Research conducted by the organization found that 71 per cent of young people would prefer a non-verbal form of communication such as texting to discuss their problems.

The new service, called Crisis Text Line and powered by Kids Help Phone, launched as a pilot in Manitoba in February, and has been rolled out in Alberta, Saskatchewan, Nunavut and the Atlantic Provinces. More than 13,000 texting conversations have taken place since then.

“Right now we are averaging about 1,000 texts a week,” Simon says. “We know there’s tremendous demand for this kind of support.”

The service was available nationally as of Tuesday.

Anxiety and depression are the two most common issues youth have used the service to find help with, while 24 per cent have reached out for support for suicidal thoughts.
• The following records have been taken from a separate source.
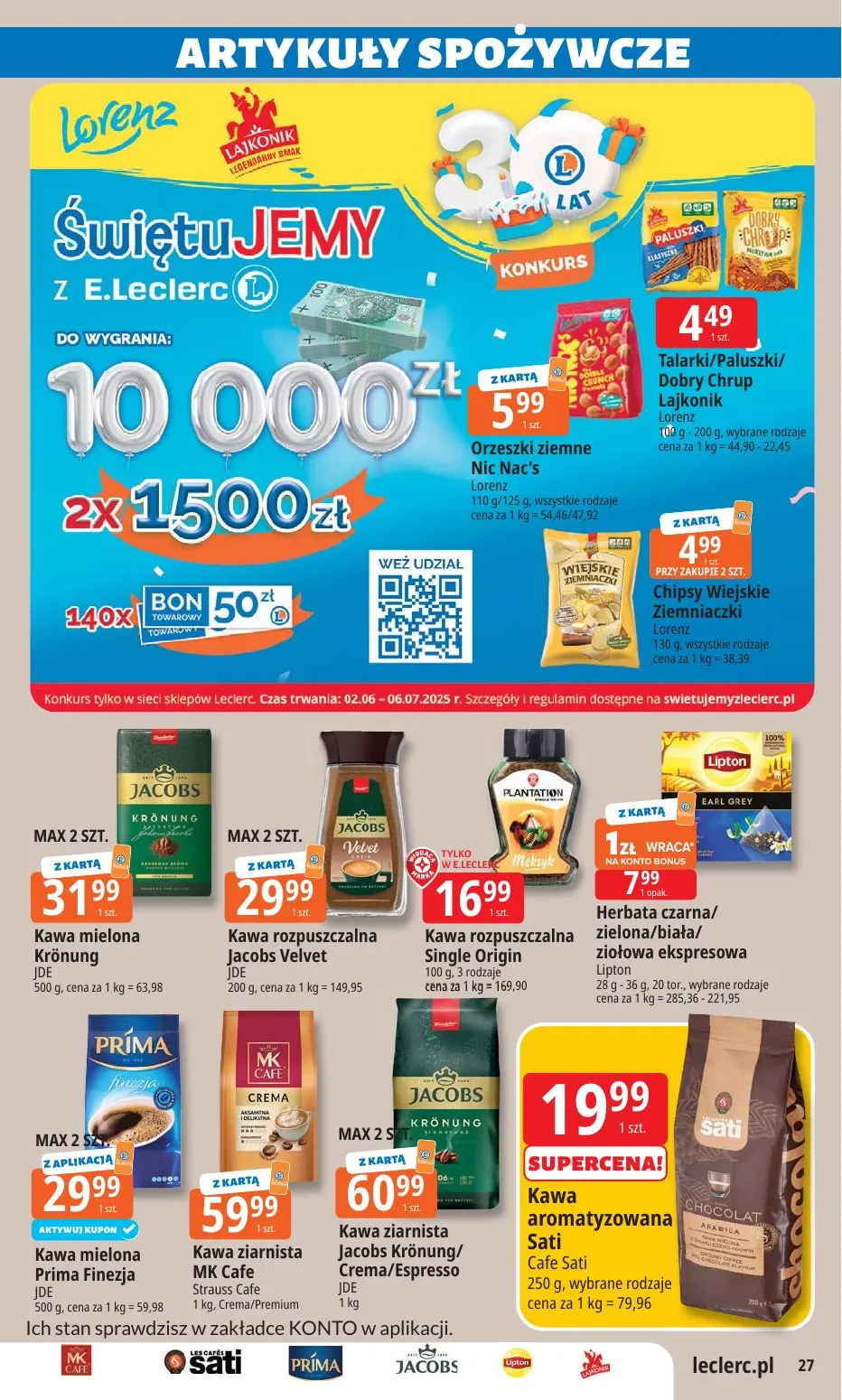 gazetka promocyjna E.Leclerc Wybór w dobrej cenie - oferta rozszerzona - Strona 27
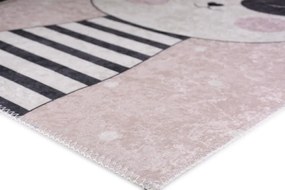 Svetloružový detský koberec 120x180 cm Princess Panda – Vitaus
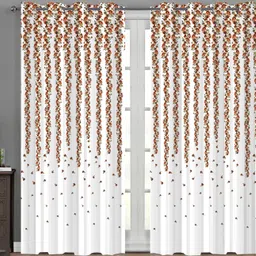 aai 154 cm (5 ft) Window Polyester Room Darkening Curtain Single Curtain-picture-10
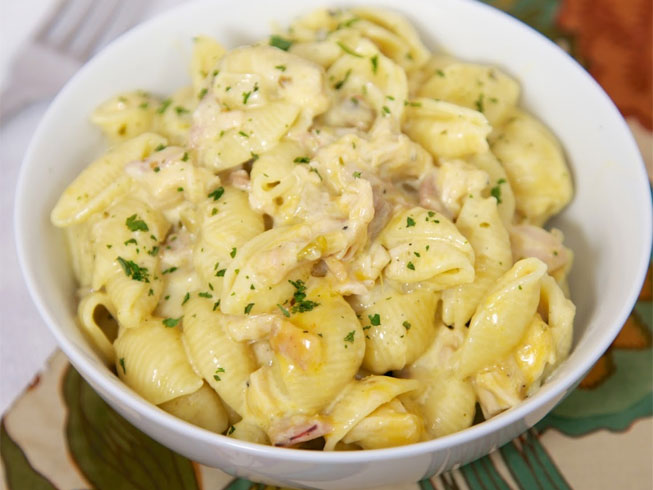 Chicken Verde Mac & Cheese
Youth who use the service, available in both English and French, immediately get a message back in their preferred language that explains the service is confidential and that they own their data so they can scrub it if they want. It then asks them what’s on their mind. At that point, they are connected to a trained crisis responder.

Using the service does not require a data plan, internet connection or app, which especially benefits youth in remote communities who have unreliable internet bandwidth.

“One of our big challenges that we were trying to address with this service was, how do we better meet the needs of young people who don’t have strong internet connections or reliable internet connections. How do we reach [young people] who don’t have the privacy to potentially talk on the phone,” Simon says.

Allowing youth to find help with their problems by discussing them over texts has so many benefits that a service such as this is essential, says Bruce Rivers, executive director of Covenant House Toronto, a shelter for people 16- to 24-years-old that provides multiple services to homeless youth and youth in crisis.

“We’re most enthused and pleased to see them moving in this direction,” Rivers says.

“With our demographic we’re increasingly relying upon social media, texting in particular, to connect with youth,” he says. “It’s a media they are used to using.”

Texting allows young people to build trust with whoever they are speaking to and provides a level of discretion that phone conversations, which can be overheard, often do not, Rivers says.

As Kids Help Phone has found, many young people aren’t making a choice between texting and making a phone call to find help with their problems. Instead, 78 per cent of youth who have used the service said that if they couldn’t have texted, they wouldn’t have reached out.